- **WHAT YOU SHOULD DO**:
Please repeat the records below exactly, from the first line through the line containing "SZPERACZ PISTOLETOWY 15W", and nothing more.

- **Extracted data entries**:

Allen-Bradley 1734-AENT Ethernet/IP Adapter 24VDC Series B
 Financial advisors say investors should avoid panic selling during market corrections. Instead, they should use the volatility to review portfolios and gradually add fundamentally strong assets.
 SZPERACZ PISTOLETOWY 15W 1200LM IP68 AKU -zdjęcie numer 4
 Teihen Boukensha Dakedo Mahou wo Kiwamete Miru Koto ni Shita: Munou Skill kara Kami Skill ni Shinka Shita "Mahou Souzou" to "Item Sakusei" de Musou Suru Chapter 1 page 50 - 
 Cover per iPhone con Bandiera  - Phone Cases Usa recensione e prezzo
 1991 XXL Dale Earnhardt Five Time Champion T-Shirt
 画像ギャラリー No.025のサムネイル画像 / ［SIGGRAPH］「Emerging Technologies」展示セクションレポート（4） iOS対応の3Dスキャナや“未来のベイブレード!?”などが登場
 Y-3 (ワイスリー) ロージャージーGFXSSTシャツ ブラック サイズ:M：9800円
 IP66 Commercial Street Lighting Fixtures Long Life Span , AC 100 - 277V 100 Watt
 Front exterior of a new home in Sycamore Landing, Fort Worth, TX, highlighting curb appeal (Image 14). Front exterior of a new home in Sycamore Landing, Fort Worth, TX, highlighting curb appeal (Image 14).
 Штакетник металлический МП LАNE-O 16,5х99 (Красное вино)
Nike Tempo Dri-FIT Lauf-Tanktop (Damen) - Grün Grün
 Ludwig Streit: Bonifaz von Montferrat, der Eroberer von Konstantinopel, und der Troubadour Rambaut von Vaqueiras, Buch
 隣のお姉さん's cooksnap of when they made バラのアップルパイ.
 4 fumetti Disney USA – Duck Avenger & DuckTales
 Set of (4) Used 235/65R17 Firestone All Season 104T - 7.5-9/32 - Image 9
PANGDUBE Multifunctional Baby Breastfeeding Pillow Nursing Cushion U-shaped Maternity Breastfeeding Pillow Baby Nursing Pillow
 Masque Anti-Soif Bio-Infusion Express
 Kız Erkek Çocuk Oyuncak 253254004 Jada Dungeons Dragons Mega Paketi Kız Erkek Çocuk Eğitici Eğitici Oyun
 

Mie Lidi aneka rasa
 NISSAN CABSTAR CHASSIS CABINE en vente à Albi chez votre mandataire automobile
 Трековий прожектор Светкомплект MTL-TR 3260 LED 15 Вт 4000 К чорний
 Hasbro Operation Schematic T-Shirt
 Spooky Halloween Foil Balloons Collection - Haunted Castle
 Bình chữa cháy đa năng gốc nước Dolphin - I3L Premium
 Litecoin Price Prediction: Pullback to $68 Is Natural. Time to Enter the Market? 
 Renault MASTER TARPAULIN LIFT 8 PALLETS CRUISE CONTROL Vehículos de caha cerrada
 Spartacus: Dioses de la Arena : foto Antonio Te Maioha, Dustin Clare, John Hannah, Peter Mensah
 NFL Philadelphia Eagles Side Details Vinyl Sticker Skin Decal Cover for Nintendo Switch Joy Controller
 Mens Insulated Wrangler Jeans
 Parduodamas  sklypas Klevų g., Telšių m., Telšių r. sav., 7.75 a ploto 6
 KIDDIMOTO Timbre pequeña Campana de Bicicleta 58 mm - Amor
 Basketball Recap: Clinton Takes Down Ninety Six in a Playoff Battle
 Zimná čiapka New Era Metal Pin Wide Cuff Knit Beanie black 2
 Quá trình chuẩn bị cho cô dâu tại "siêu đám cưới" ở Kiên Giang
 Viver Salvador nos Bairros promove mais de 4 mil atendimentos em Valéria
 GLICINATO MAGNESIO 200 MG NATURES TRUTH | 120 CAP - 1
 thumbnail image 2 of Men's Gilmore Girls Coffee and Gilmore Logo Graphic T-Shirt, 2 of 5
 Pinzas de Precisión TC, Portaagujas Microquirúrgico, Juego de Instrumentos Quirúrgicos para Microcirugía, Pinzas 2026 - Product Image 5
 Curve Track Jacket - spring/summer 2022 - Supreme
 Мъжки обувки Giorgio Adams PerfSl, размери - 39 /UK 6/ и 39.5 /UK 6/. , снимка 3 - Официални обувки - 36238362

- **OUTPUT OF THE TASK**:
Allen-Bradley 1734-AENT Ethernet/IP Adapter 24VDC Series B
 Financial advisors say investors should avoid panic selling during market corrections. Instead, they should use the volatility to review portfolios and gradually add fundamentally strong assets.
 SZPERACZ PISTOLETOWY 15W 1200LM IP68 AKU -zdjęcie numer 4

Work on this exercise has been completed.